For my first post, I’d like to share an activity I’m going to try with my 10th grade World History students during our Middle Ages unit.
After a basic, background reading on the Vikings* and their effects on Europe during the Early Middle Ages, we will discuss the text and I’ll pass a copy of the lyrics to Led Zeppelin’s Immigrant Song (1970), to each student.
I’ll play the song for the students and ask them to think about what each numbered reference means. Here are the lyrics with the references that I implanted:
We come from the land of the ice and snow ,
From the midnight sun where the hot springs flow (1).
The hammer of the gods(2) will drive our ships to new lands (3) ,
To fight the horde, singing and crying: Valhalla(4) , I am coming!
On we sweep with threshing oar, Our only goal will be the western shore (5) .
We come from the land of the ice and snow,
From the midnight sun where the hot springs blow.
How soft your fields so green, can whisper tales of gore,
Of how we calmed the tides of war. We are your overlords.
On we sweep with threshing oar, Our only goal will be the western shore.
So now you’d better stop and rebuild all your ruins,
For peace and trust can win the day despite of all your losing (6).

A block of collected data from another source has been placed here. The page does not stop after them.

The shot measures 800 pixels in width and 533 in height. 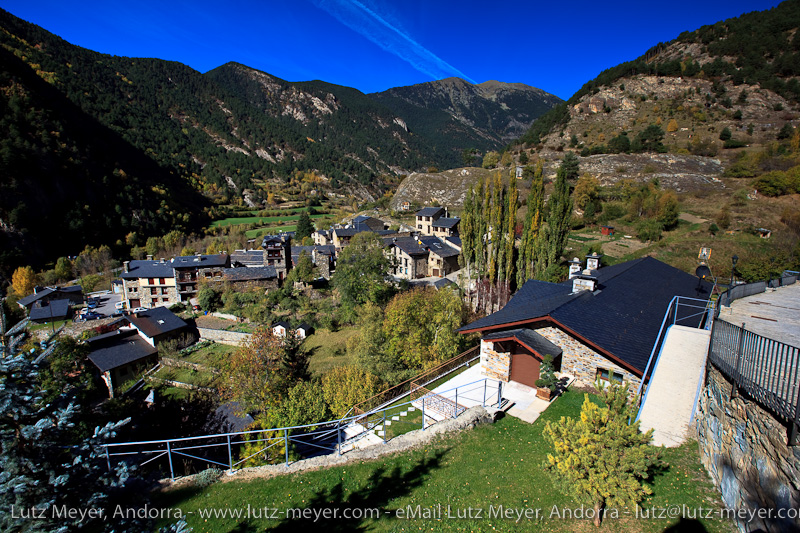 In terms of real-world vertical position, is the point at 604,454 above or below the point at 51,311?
above

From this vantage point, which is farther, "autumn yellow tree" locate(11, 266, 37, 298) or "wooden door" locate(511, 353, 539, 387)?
"autumn yellow tree" locate(11, 266, 37, 298)

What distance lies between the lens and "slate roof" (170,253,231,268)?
51.8 metres

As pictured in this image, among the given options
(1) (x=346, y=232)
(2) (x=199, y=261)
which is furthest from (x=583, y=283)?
(2) (x=199, y=261)

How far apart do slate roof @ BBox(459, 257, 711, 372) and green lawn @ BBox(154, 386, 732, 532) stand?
15.2 feet

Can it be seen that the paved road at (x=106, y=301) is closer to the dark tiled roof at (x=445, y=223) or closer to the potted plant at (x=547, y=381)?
the dark tiled roof at (x=445, y=223)

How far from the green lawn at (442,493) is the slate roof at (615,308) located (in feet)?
15.2

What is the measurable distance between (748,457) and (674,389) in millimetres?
3855

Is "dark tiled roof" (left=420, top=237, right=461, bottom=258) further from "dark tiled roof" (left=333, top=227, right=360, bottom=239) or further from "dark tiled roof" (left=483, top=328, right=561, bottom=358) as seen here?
"dark tiled roof" (left=483, top=328, right=561, bottom=358)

1. ‘Land of the Ice and Snow’/ ‘midnight sun’ / ‘hot springs’ – Scandinavia, land of the ‘North’ Men
2. ‘Hammer of the Gods’ – Thor and a discussion of the Norse mythology
3. ‘Our ships’ – The Long Ships; light and of shallow draft; able to penetrate far upriver for surprise attacks
4. Valhalla – Viking idea of the glorious afterlife; battle all day and feast/drink all night
5. ‘Western Shore’ – A discussion of the Danes in England and the Great Heathen Army
6. ‘peace and trust can win the day’ – I take this to be a reference of the ransom money kings and nobles would pay the Vikings for them to go away. The Vikings would go away… for a year perhaps. Then they’d come back, wreck the same town again and, you guessed it, demand payment to go away. These payments are known as Danegeld.
You’d be surprised how many 10th graders recognize the song and the band. If you’ve never heard it, give it a listen. The staccato, repetitive riffs and the wailing cries conjure up images of a Long Ship plowing through wind and wave. These twelve lines offer an opportunity to discuss so much about the Viking Age.
*The word Viking means an expedition or journey. The Norsemen would ‘go a-‘Viking’ during the summer months. Contemporaries would have referred to them as the Norse (North) men. Allegedly, these raiders caused so much despair, that the English Church added a prayer to its litany: A furore Normannorum libera nos, Domine, “From the fury of the Northmen deliver us, O Lord.”